■ Your objective ■
Output the data below only from the line containing "Atlas Kumaş Omuz" up to and including the line containing "French antique Art", exact and with the pictures left out.

■ The data ■
=== Section Start ===
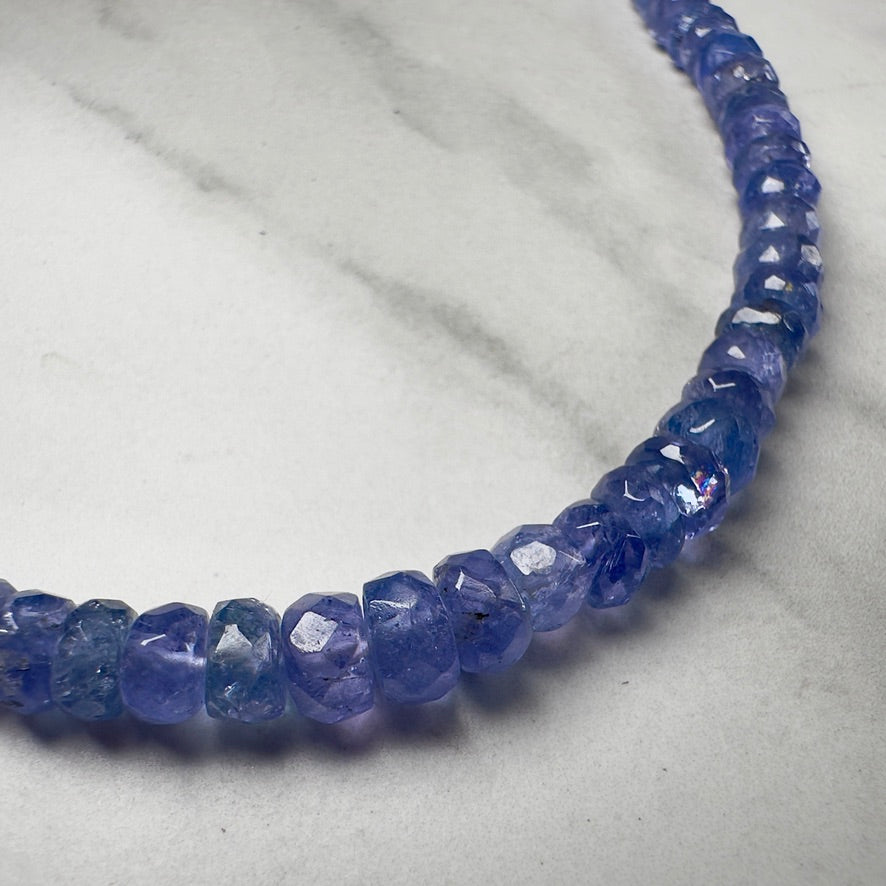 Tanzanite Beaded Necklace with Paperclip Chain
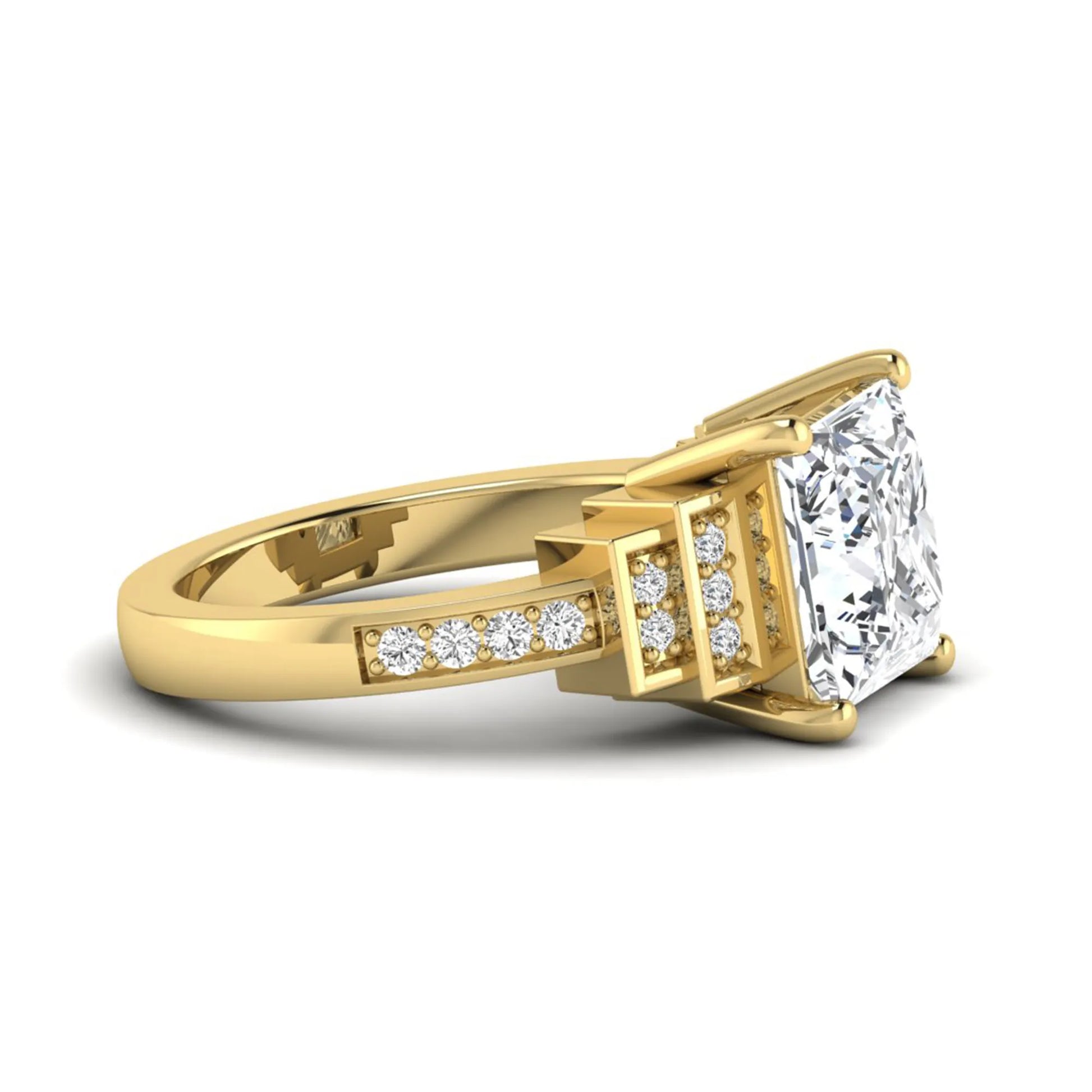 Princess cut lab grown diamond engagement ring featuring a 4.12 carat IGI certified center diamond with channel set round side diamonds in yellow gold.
=== Section End ===
=== Section Start ===
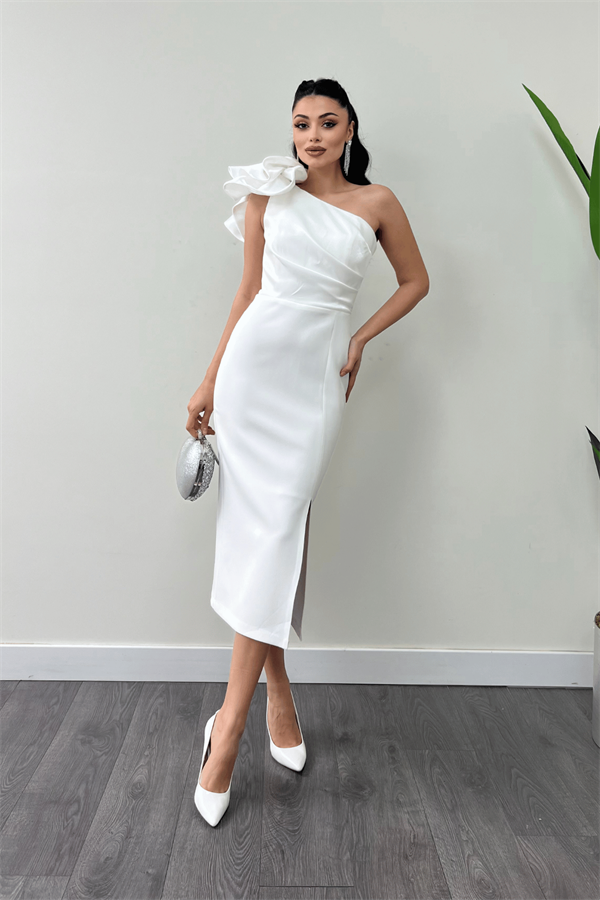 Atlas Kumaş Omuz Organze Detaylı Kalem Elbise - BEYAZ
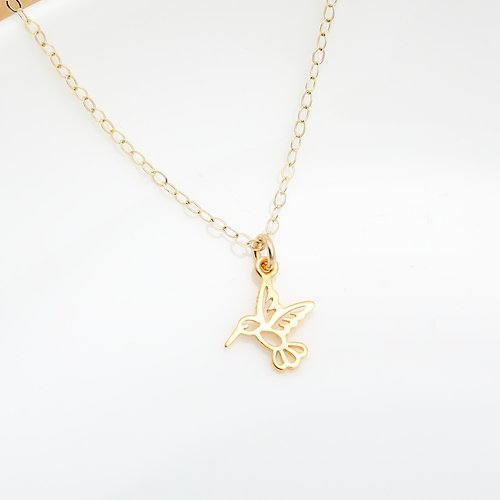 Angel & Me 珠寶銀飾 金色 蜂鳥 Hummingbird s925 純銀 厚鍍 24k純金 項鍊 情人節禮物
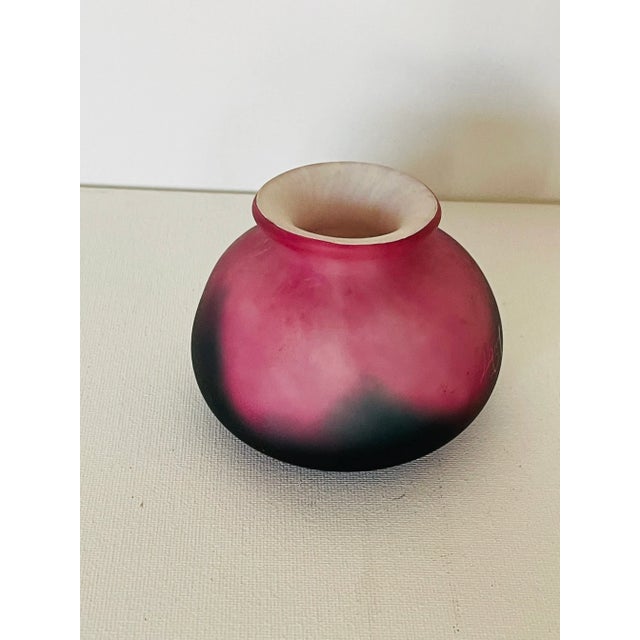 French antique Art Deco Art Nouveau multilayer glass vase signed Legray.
=== Section End ===
■ Response for this exercise ■
 Atlas Kumaş Omuz Organze Detaylı Kalem Elbise - BEYAZ
 Angel & Me 珠寶銀飾 金色 蜂鳥 Hummingbird s925 純銀 厚鍍 24k純金 項鍊 情人節禮物
 French antique Art Deco Art Nouveau multilayer glass vase signed Legray.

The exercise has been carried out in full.